Housing Redevelopment Area, Montreal, Quebec, October 1959.
National Archives of Canada (PA-113310).

Housing Redevelopment Area, Montreal, Quebec, October 1959.

Canadians expect to live wherever they choose, provided they can find work and housing. The main circumstances that have interfered with that expectation have been economic depression and population explosion. For example, during the baby boom years of the 1950s, our housing supply was hard pressed to meet the demands of a rapidly increasing population. Urban redevelopment, as pictured here, was one solution.

The Canadian Charter of Rights and Freedoms defines mobility rights in two basic ways. First, citizens of Canada have the right "to enter, remain in and leave Canada." This basic right allows Canadians to move from place to place within the nation and to exit and enter the country at will. Second, the Charter guarantees Canadian citizens and permanent residents the right to live and gain employment or establish businesses in any province or territory they wish. This provision means that Canadians can pick where they want to live in the country. They can choose to live in Vancouver, Winnipeg, Edmonton, Halifax, Toronto, or Iqaluit.

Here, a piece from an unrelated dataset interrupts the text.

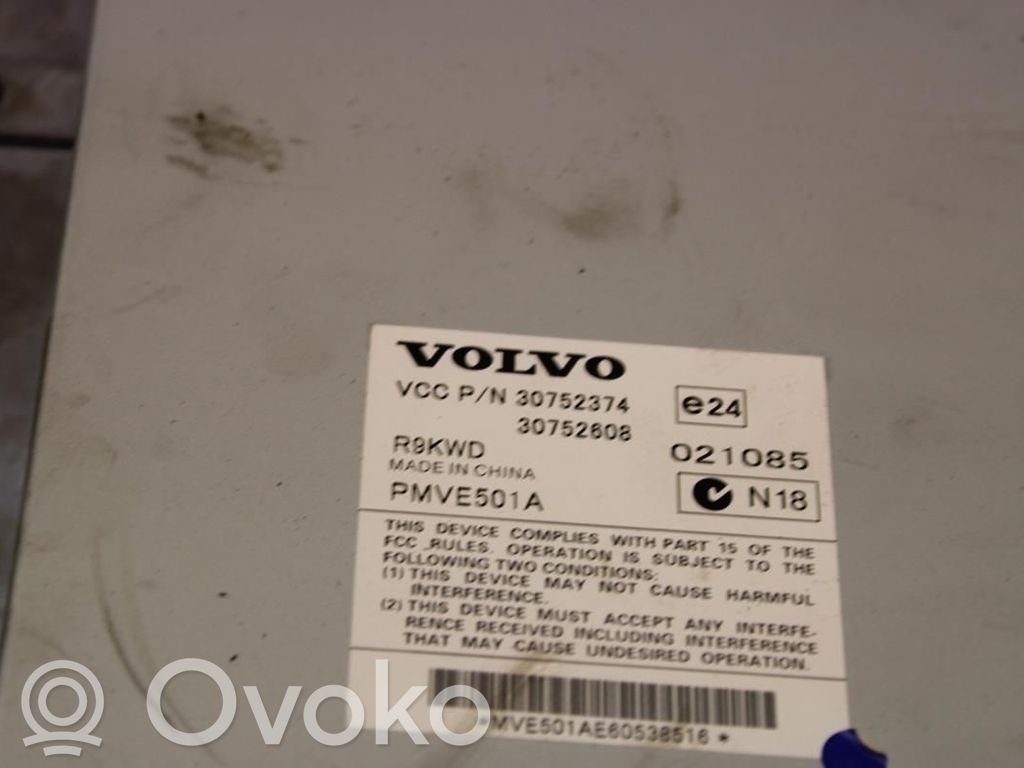 Volvo V50 Garso stiprintuvas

Often times, we take these mobility rights for granted. In many countries, however, people have been ordered to leave their homes, forced to live in segregated areas, or forbidden to associate with others.

Kurdish Refugees, Iskederun, Turkey, 1991.
Corbis (Image ID: TL001065). Available online at www.corbis.com/Peter Turnley, [20 March 2000].

Kurdish Refugees, Iskederun, Turkey, 1991.

In the aftermath of the Gulf War, the Iraqi government launched a campaign of oppression against the country's Kurdish minority. Denied political freedom and victimized by numerous bombing raids, the Kurds were forced from their home territory in Northern Iraq. Many fled to Turkish refugee camps.